Cruel paradoxe de ce printemps arabe : les défenseurs des droits de l’homme barheïnis utilisent les réseaux sociaux occidentaux pour manifester ; leurs tortionnaires, des systèmes de surveillance occidentaux pour les espionner.

Au printemps dernier, un Bahreïni exilé à Londres, une économiste britannique résidant à Barheïn et le propriétaire d’une station service en Alabama, naturalisé Américain, recevaient un petit e-mail émanant apparemment d’une journaliste d’Al-Jazeera.

Il y était question d’un rapport rédigé par Zainab Al-Khawaja au sujet des tortures infligées à Nabeel Rajab, deux des défenseurs des droits de l’homme incarcérés à Barheïn, suivi de cette précision :

“Merci de vérifier le rapport détaillé en pièces jointe, avec des images de torture.“ (...)

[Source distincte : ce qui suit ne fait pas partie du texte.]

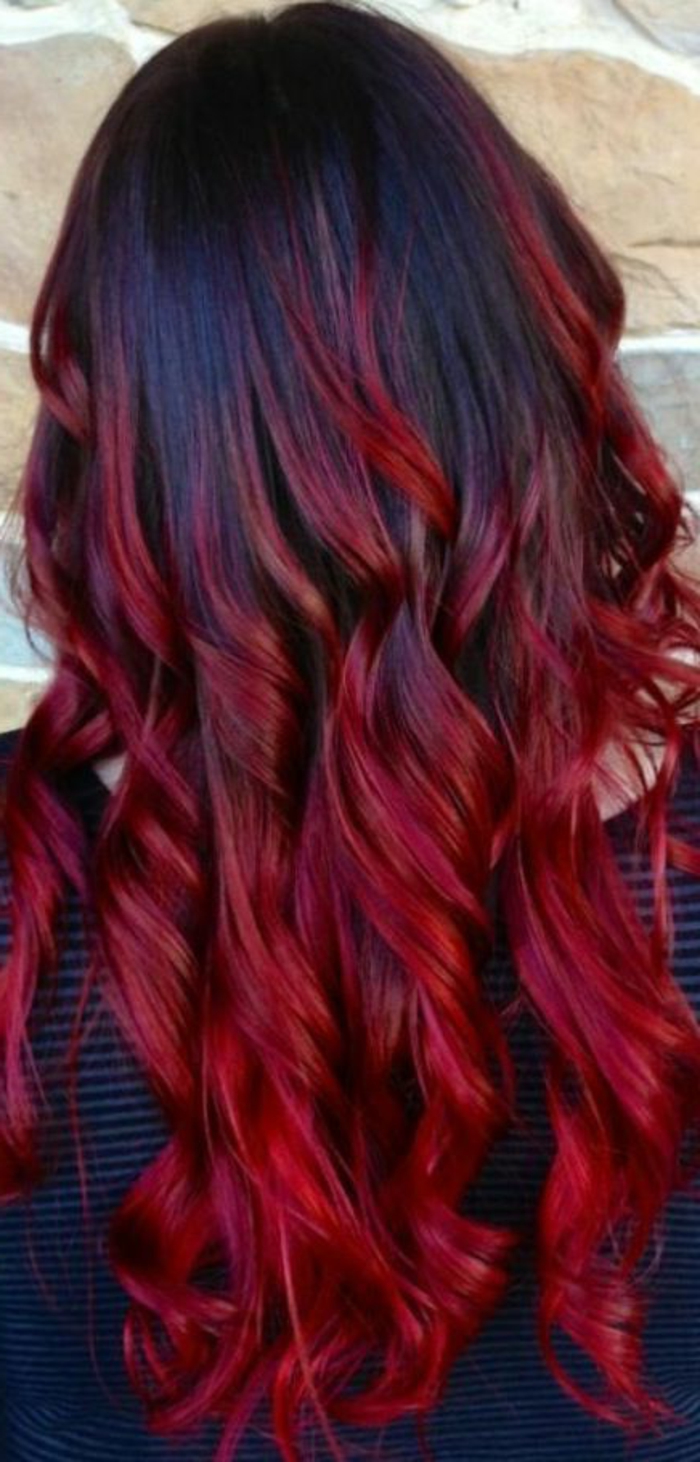 черно-червено-коса-дългосрочен красив-примамка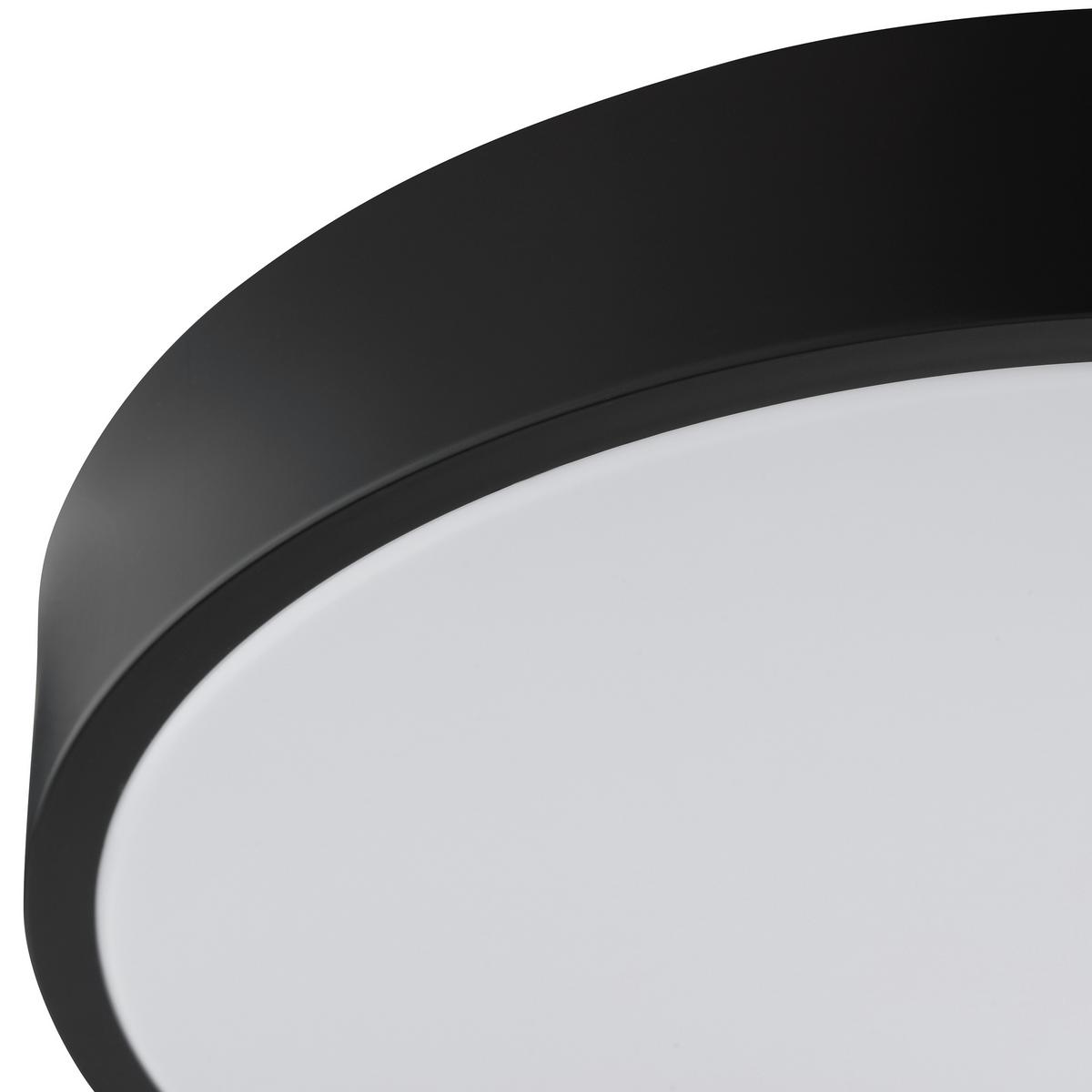 LED DECKENLEUCHTE Delvin Schwarz/Weiß 33/33/7 cm - Multicolor, Metall (33/33/7cm) - Brilliant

En analysant les e-mails envoyés aux défenseurs des droits de l’homme barheïnis, les deux chercheurs ont découvert un logiciel espion particulièrement perfectionné, utilisant une “myriade de techniques destinées à échapper à toute forme de détection“, notamment par les antivirus, dont le code n’en mentionnait pas moins, et plusieurs fois, le mot FinSpy, la société Gamma International, et le nom de plusieurs de ses responsables.

FinSpy, à en croire cette proposition de contrat trouvée en mars 2011 dans l’un des bâtiments de la sécurité égyptienne après la chute du régime Moubharak, est vendu près de 300 000 euros. C’est l’un des produits phares de la gamme d’outils de “lutte informatique offensive” commercialisés par FinFisher (aileron de requin, en anglais), filiale de la société britannique Gamma, spécialisée dans les systèmes de surveillance et d’interception des télécommunications. (...)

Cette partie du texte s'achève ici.